This corrected number,
twenty-three, looks therefore like a real date of the death of a real
person. The words in the Quarto of 1604 are as follows:--
Hamlet, Act v, Scene i.
"[Grave digger called.] Clow[n] ... heer's a scull
now hath lyen you i' th' earth 23 yeeres ... this
same scull, sir, was, sir, Yorick's skull, the Kings
jester ...
_Ham_[_let_]. Alas poore _Yoricke_, I knew him
_Horatio_, a fellow of infinite iest, of most excellent
fancie, hee hath bore me on his backe a thousand
times ... Heere hung those lyppes that I haue
kist, I know not howe oft, where be your gibes now?

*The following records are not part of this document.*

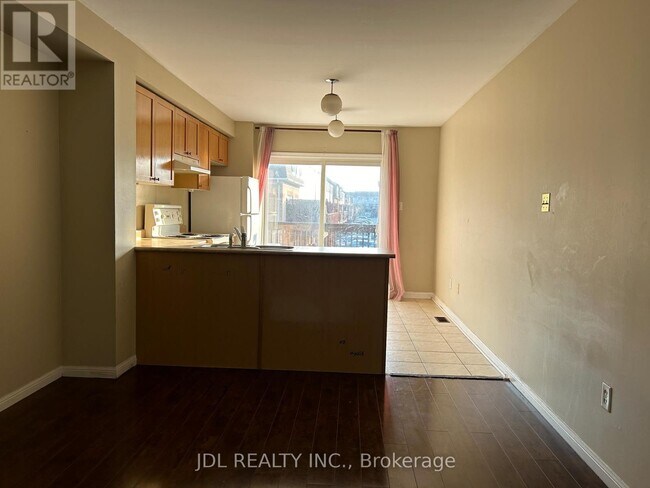 Building Photo - 233 Rouge River Dr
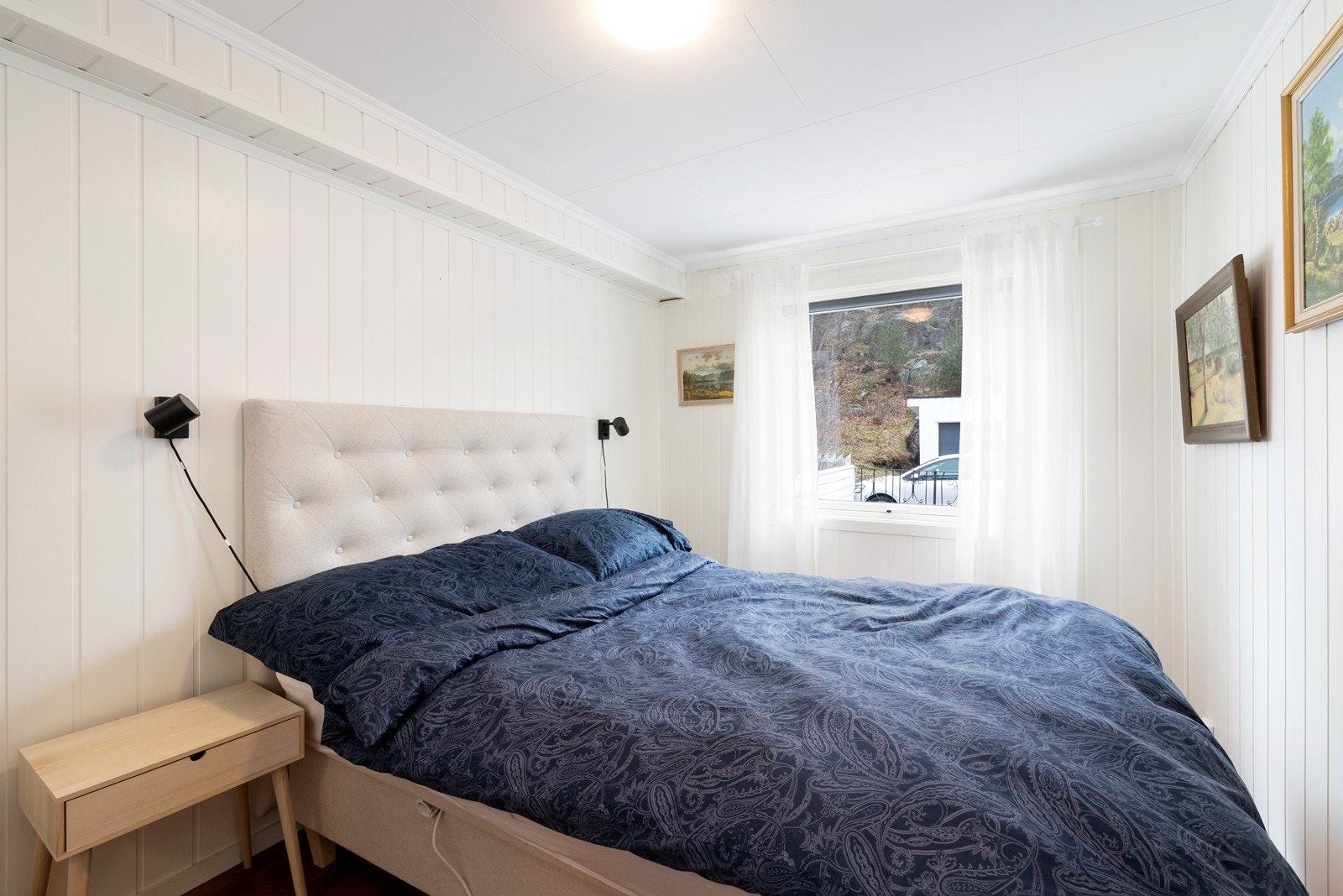 Hovedsoverom med god plass til dobbeltseng Galleribilde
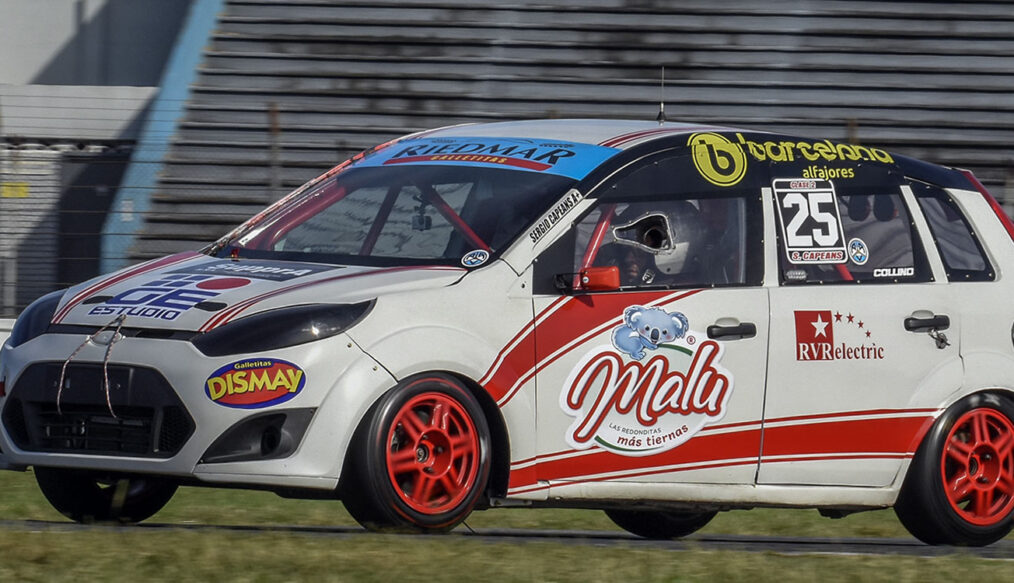 CAPEANS CON UN AUTO HECHO A NUEVO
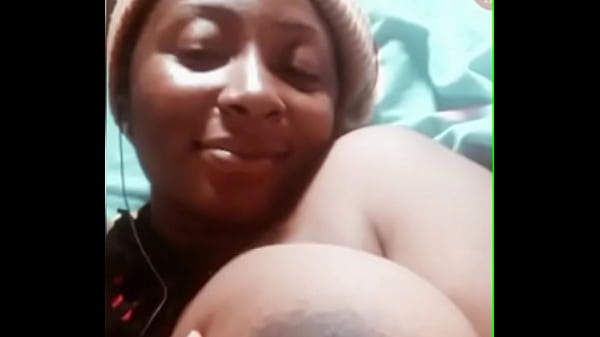 Big boobs nigerian horny chubby girl playing with pussy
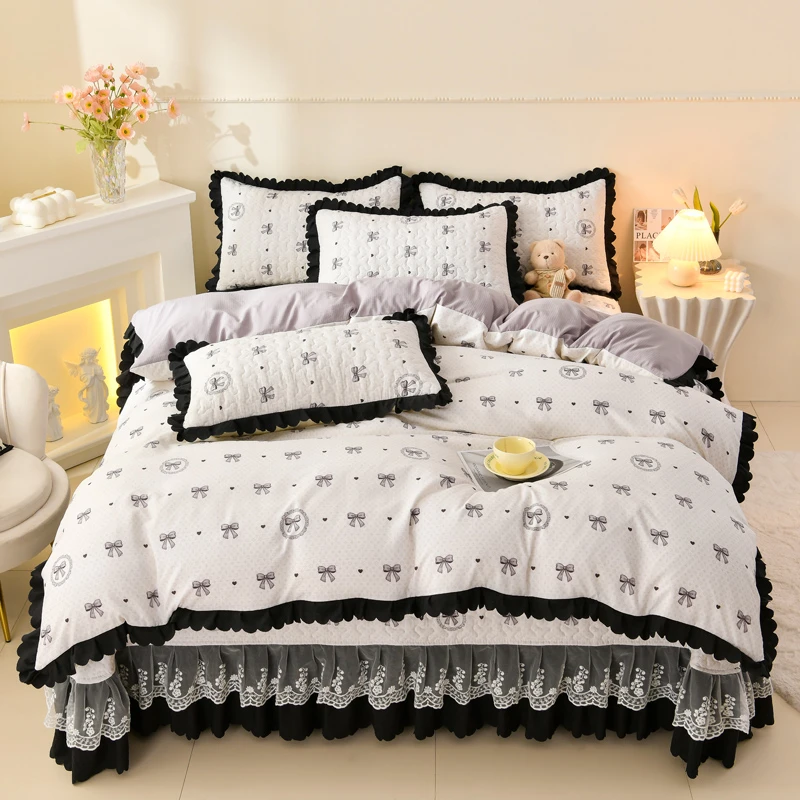 2025新款加厚防滑床盖被套四件套韩版花边款公主风被罩四件套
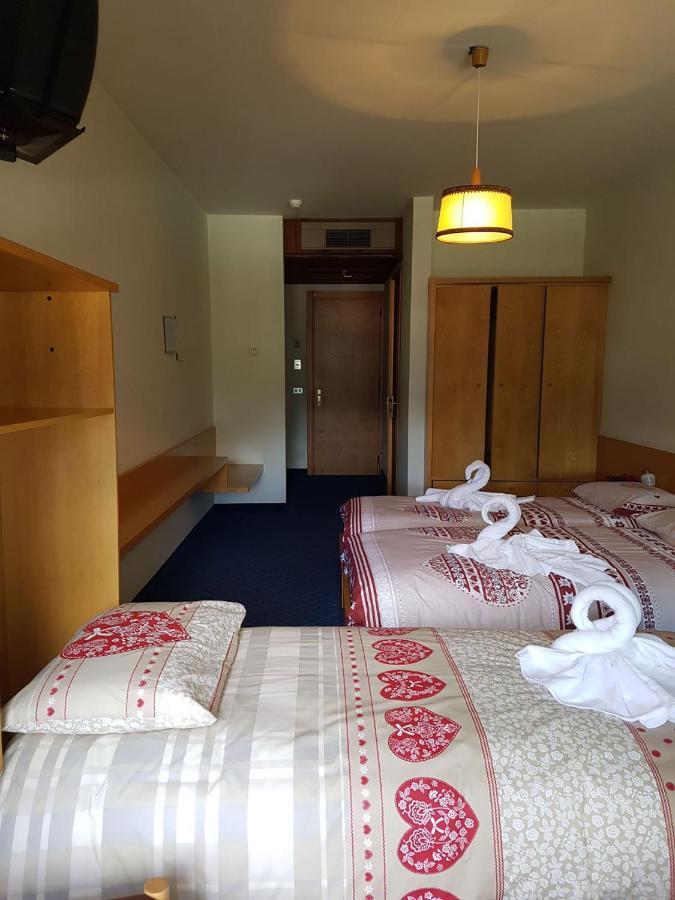 Albergo Posta Colle Santa Lucia Eksteriør bilde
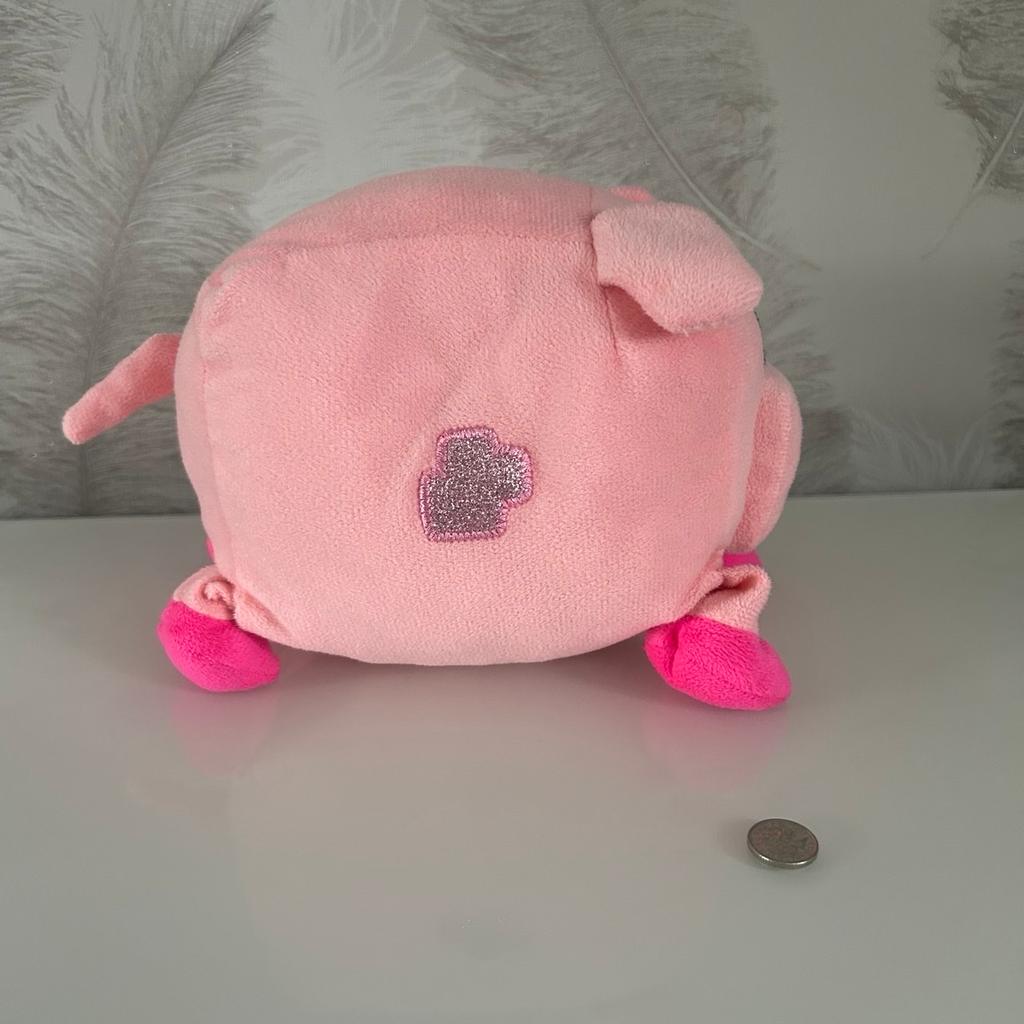 Minecraft
Soft plush pig
Beanie tummy area
In washed clean condition
From a smoke free pet free home
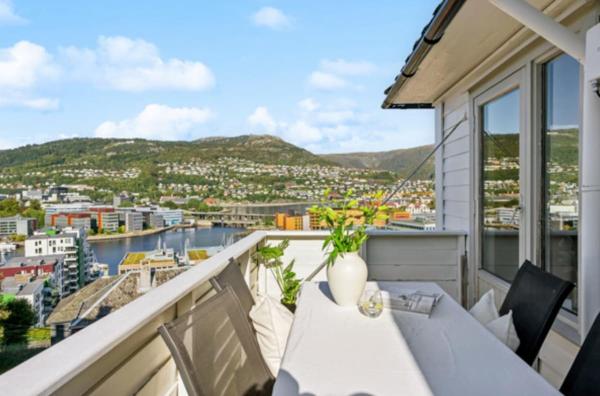 A la foto es mostra l'objecte Bright apartment with mountain views situat a la ciutat de Bergen.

your gamboles, your songs, your flashes of merriment,
that were wont to set the table on a roare, not one
now to mocke your owne grinning...."
The King's Jester who died about 1580-1, just twenty-three years before
1604 (as stated in the play), was John Heywood, the last of the King's
Jesters. The words spoken by Hamlet exactly describe John Heywood, who
was wont to set the table in a roar with his jibes, his gambols, his
songs, and his flashes of merriment. He was a favourite at the English
Court during three if not four reigns, and it is recorded that Queen
Elizabeth as a Princess rewarded him.